Vinculada à Secretaria de Estado da Casa Civil (SECC), a nova comissão terá a missão de coordenar, integrar, acompanhar e articular a atuação dos órgãos estaduais em conflitos fundiários coletivos urbanos e rurais.
De acordo com o decreto, a CEAF atuará em situações que envolvam ocupações coletivas de imóveis públicos ou privados, disputas possessórias, reivindicações de propriedade e outros conflitos fundiários que exijam a atuação conjunta de diferentes órgãos do Estado.
O que a comissão vai fazer
Entre as atribuições da comissão estão a coordenação da atuação do Estado em conflitos fundiários coletivos, a interlocução com a Comissão de Soluções Fundiárias do Tribunal de Justiça do Acre (TJAC) e o acompanhamento do cumprimento de decisões judiciais relacionadas a essas áreas.
O colegiado também poderá promover a articulação entre órgãos responsáveis por assistência social, segurança pública, regularização fundiária, meio ambiente, direitos humanos e patrimônio público.
Além disso, a comissão terá competência para sugerir medidas de prevenção e solução de conflitos, acompanhar inspeções judiciais, participar de audiências de mediação e solicitar relatórios técnicos que auxiliem na tomada de decisões.
Outro ponto previsto no decreto é a possibilidade de promover ações de mediação e conciliação administrativa sempre que houver condições para a resolução consensual dos conflitos.
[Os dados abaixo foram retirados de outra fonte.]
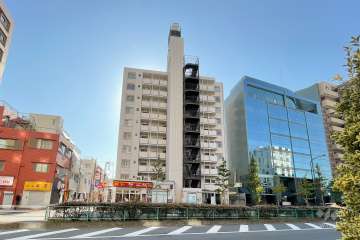 スカイパーク多摩川の外観（北東側から）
Proteção a famílias vulneráveis
O decreto estabelece que a comissão deverá atuar especialmente em situações que envolvam pessoas em condição de vulnerabilidade social.
Nos casos de cumprimento de ordens judiciais de desocupação coletiva, a CEAF deverá buscar assegurar planejamento prévio das ações, articulação entre instituições, identificação de famílias vulneráveis e adoção de medidas de assistência social e proteção de direitos.
Também caberá ao grupo auxiliar na definição de protocolos voltados à redução de riscos e à preservação da integridade física das pessoas envolvidas nas operações.
Quem integra a comissão
A CEAF será composta por representantes da Casa Civil, Secretaria de Governo (Segov), Secretaria de Assistência Social e Direitos Humanos (SEASDH), Polícia Militar do Acre (PMAC), Instituto de Terras do Acre (Iteracre) e Instituto de Meio Ambiente do Acre (Imac).
A Procuradoria-Geral do Estado (PGE) prestará assessoria jurídica permanente aos trabalhos da comissão.
O decreto também prevê a participação, como convidados, de representantes do Poder Judiciário, Ministério Público, Defensoria Pública, municípios, órgãos federais, movimentos sociais e entidades da sociedade civil.
Atuação será de caráter consultivo
Segundo o texto, a comissão não terá função jurisdicional nem poder para substituir decisões dos órgãos competentes.
As deliberações terão caráter opinativo, orientador e de coordenação, cabendo às autoridades responsáveis a decisão final sobre cada caso.
A participação dos integrantes será considerada prestação de serviço público relevante, sem remuneração adicional.